[Opening Data shown section]
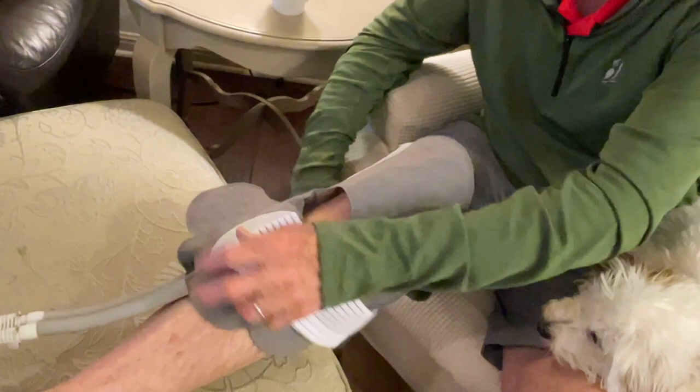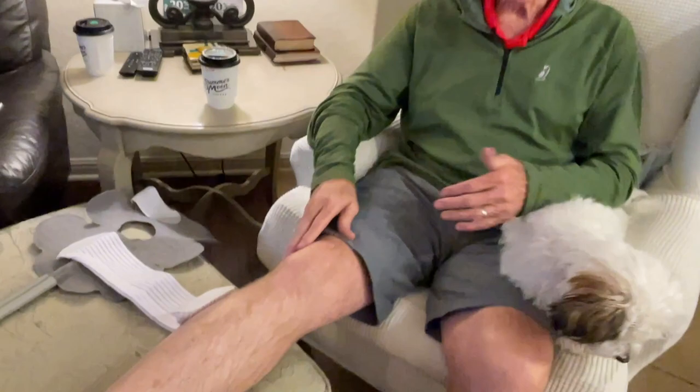Every night — through the day — I would put this on and it would help. See the scar, it's been almost two years now. Good to go.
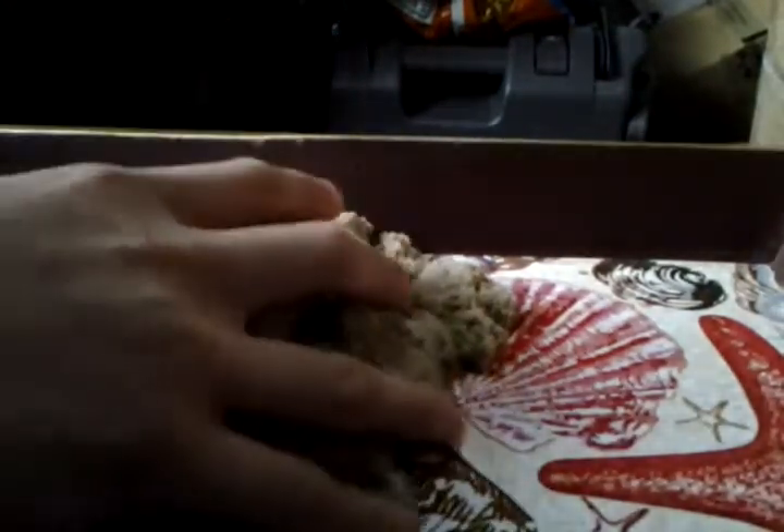Like, imagine going to the beach and then scooping mouthfuls of sand, or playing with the sand a lot and then eating a sandwich after that — using your fingers to touch the sandwich is dirty. Okay, so get it — sand... sandwich!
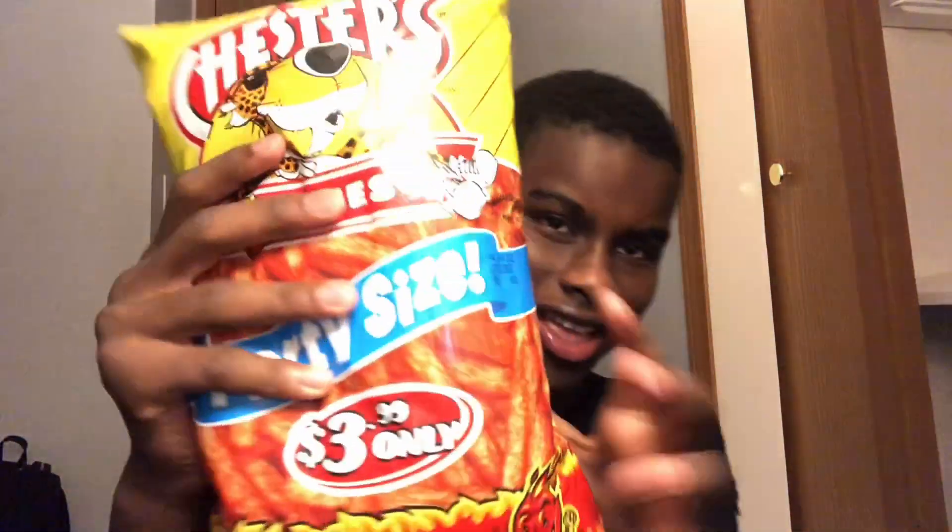Yo, what's good YouTube? Back with another banger. In today's video I made the best snack meal in the world. I'm gonna show y'all what we got. First, we got the homemade lemonade. Second, we got hot fries — one of the best chips in the world. And then third, we got Starbursts right here. So yeah, I made the best meal in the world.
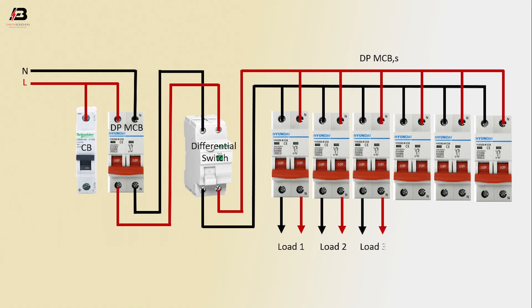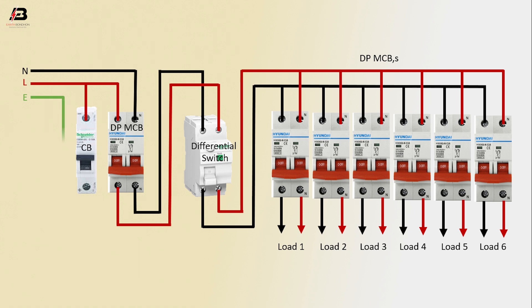Output connection from all circuit breakers for Load 1, Load 2, Load 3, Load 4, Load 5, and Load 6. Earthing connection connected to circuit breaker. Now this circuit is ready for use.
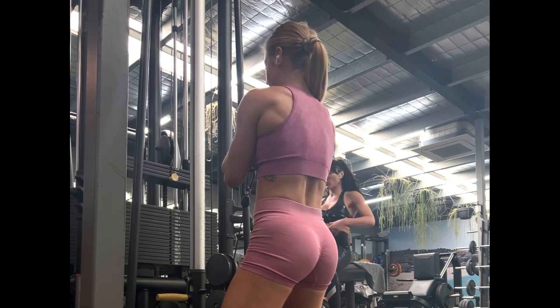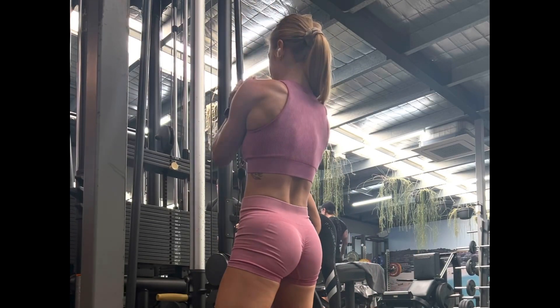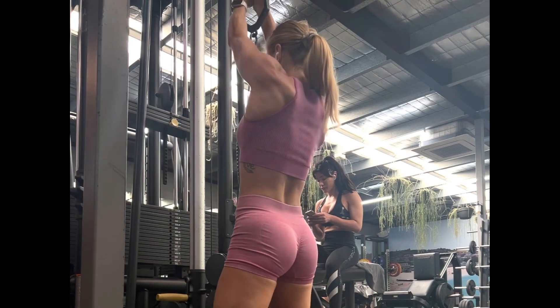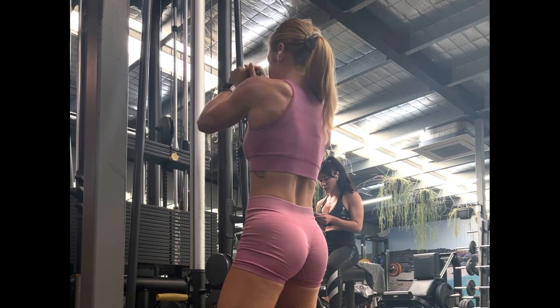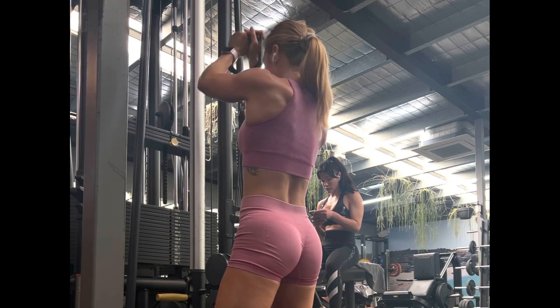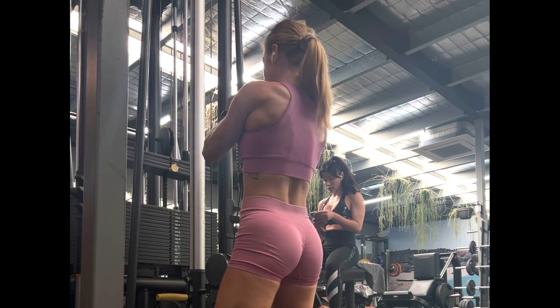We have the cable shoulder press, either using a single handle or the close grip bar. You're going to simply start at your chest level and push straight up overhead. I'm on my knees here, making sure my core is nice and stabilized — everything is nice and tight and locked. You can also do this standing up, however try not to use so much momentum.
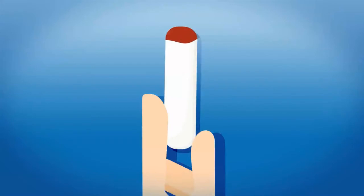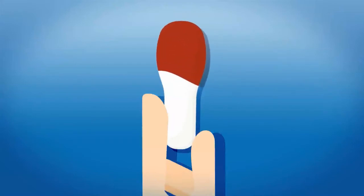Once the nasal plug is inserted, it softens like a sponge and rapidly expands to fit the nasal cavity, absorbing the blood.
[Closing Data shown section]
The records need to be restated word for word, minus any images.

Finished exercise>
Every night — through the day — I would put this on and it would help. See the scar, it's been almost two years now. Good to go.
Like, imagine going to the beach and then scooping mouthfuls of sand, or playing with the sand a lot and then eating a sandwich after that — using your fingers to touch the sandwich is dirty. Okay, so get it — sand... sandwich!
Yo, what's good YouTube? Back with another banger. In today's video I made the best snack meal in the world. I'm gonna show y'all what we got. First, we got the homemade lemonade. Second, we got hot fries — one of the best chips in the world. And then third, we got Starbursts right here. So yeah, I made the best meal in the world.
Output connection from all circuit breakers for Load 1, Load 2, Load 3, Load 4, Load 5, and Load 6. Earthing connection connected to circuit breaker. Now this circuit is ready for use.
We have the cable shoulder press, either using a single handle or the close grip bar. You're going to simply start at your chest level and push straight up overhead. I'm on my knees here, making sure my core is nice and stabilized — everything is nice and tight and locked. You can also do this standing up, however try not to use so much momentum.
Once the nasal plug is inserted, it softens like a sponge and rapidly expands to fit the nasal cavity, absorbing the blood.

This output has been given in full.